Ai menjelaskan bahwa Undang-Undang Tindak Pidana Kekerasan Seksual (TPKS) sudah mengatur sanksi bagi pelanggaran yang terjadi. “Pemberatan hukuman diperlukan dalam kasus yang melibatkan anak-anak sebagai korban, karena mereka merupakan kelompok rentan ketika berhadapan dengan predator seksual seperti kasus di Jepara,” ujarnya pada Ahad (4/5/2025).
Ia menambahkan bahwa anak-anak cenderung lebih mudah dimanipulasi. Menurut Ai, banyak insiden kekerasan atau kejahatan seksual dimulai dengan proses grooming.

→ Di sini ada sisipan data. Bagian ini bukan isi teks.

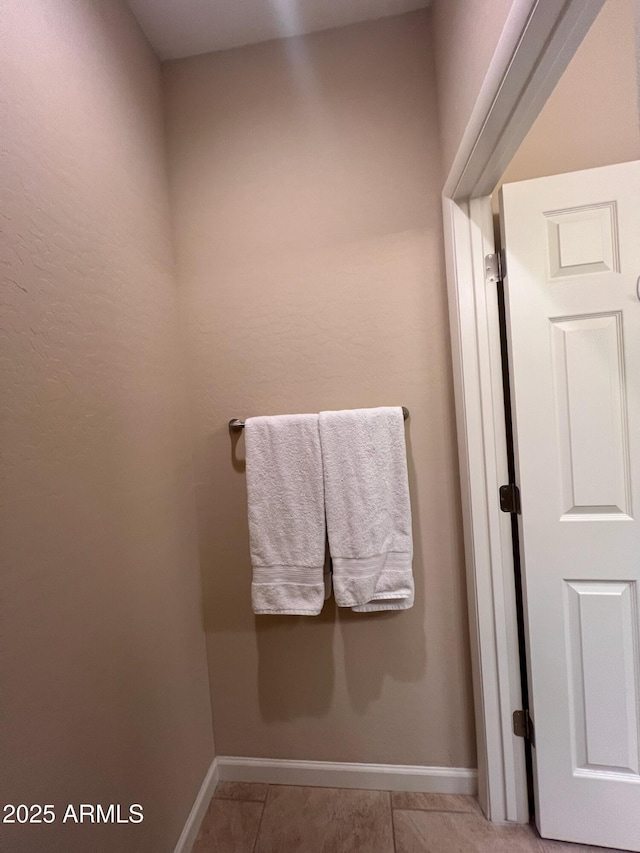 bathroom with tile patterned flooring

“Grooming adalah metode membangun hubungan kuasa secara sistematis tanpa kekerasan fisik, melainkan melalui janji-janji manis dan manipulasi, tidak langsung meminta aktivitas seksual,” jelas Ai.
Ai menekankan bahwa hal ini harus menjadi perhatian serius, terutama bagi orang tua. Ia juga mengetahui bahwa pelaku di Jepara mendokumentasikan aksi kejahatannya melalui foto dan video. Berdasarkan UU TPKS, tindakan ini dapat dikenai pemberatan hukuman.
“Perlu dilakukan scientific investigation untuk memastikan apakah video tersebut telah diunggah ke situs porno atau hanya untuk koleksi pribadi. Hal ini akan mempengaruhi beratnya hukuman,” kata Ai.
Ia menyarankan agar pihak kepolisian segera menghapus konten video yang ditemukan di situs pornografi, karena hal ini sangat merugikan anak-anak saat ini dan di masa depan.
Ai menambahkan bahwa KPAI saat ini fokus pada dukungan penanganan oleh Unit Pelaksana Teknis Daerah Perlindungan Perempuan dan Anak (UPTD PPA) serta Dinas Pengendalian Penduduk, Keluarga Berencana, Pemberdayaan Perempuan, dan Perlindungan Anak (DP2KBP3A) Kabupaten Jepara. “Karena para korban, anak-anak kita, membutuhkan dukungan dari orang yang dapat dipercaya, dan keluarga mereka juga perlu dikuatkan,” tutupnya.